Ich bin jedoch erleichtert, dass offenbar nicht alle Forumsteilnehmer am Straßenrand stehen und bei Plädoyers für ein kompromissloses und hartes Vorgehen gegen alle Mormonen (ganz gleich, ob sie sich irgendetwas haben zuschulden kommen lassen oder nicht) voller Begeisterung ausrufen: „Trzoska: Weiter so! Ein trefflicher und vergnüglicher Beitrag.“ Denn wie leicht kann es passieren, dass dem eben noch bejubelten Meinungsführer irgendwann bewusst wird, auf welch marodem Fundament die spirituellen Überzeugungen seiner Schulterklopfer beruhen. Dann wird man schnell selbst zur Zielscheibe. Denn meinem Eindruck nach wandelt hier sonst niemand auf dem klar abgesteckten „Pfad der Erkenntnis“. Gut, dass es keine Aufklärungsanstalten für „unerleuchtete“ Menschen gibt. Sie würden sonst aus allen Nähten platzen.

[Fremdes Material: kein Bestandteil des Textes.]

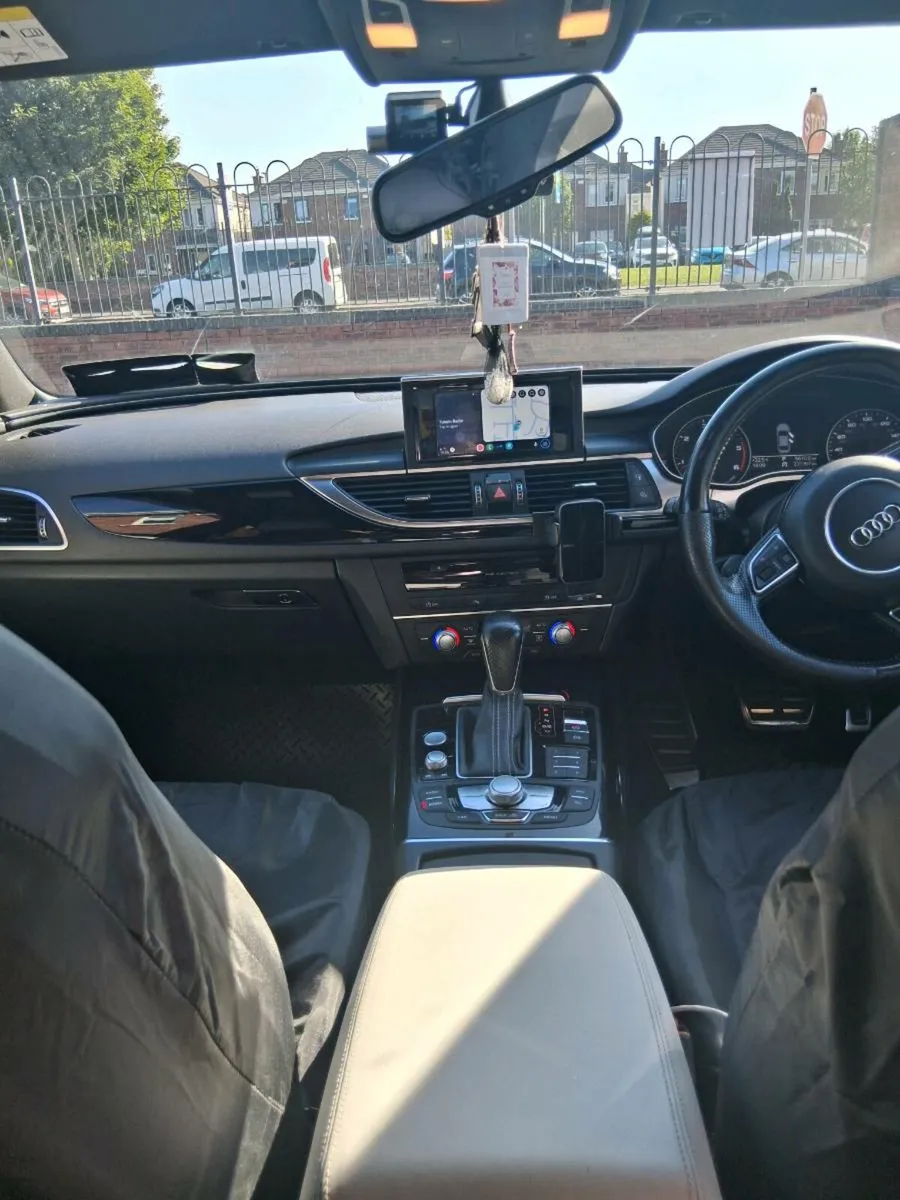 Audi a6 blk Ed sline automatic 190bhp - Image 2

Danke nochmals für Deine fairen und gleichzeitig offenen Beiträge. Wir haben vermutlich sehr unterschiedliche Einstellungen zur HLT-Kirche. Das wird uns aber hoffentlich nie dazu verleiten, die Demokratie in Frage zu stellen, um uns gegenseitig ohne diese "lästigen" Freiheiten unsere jeweiligen Sichtweisen zwangsweise aufoktruieren zu können.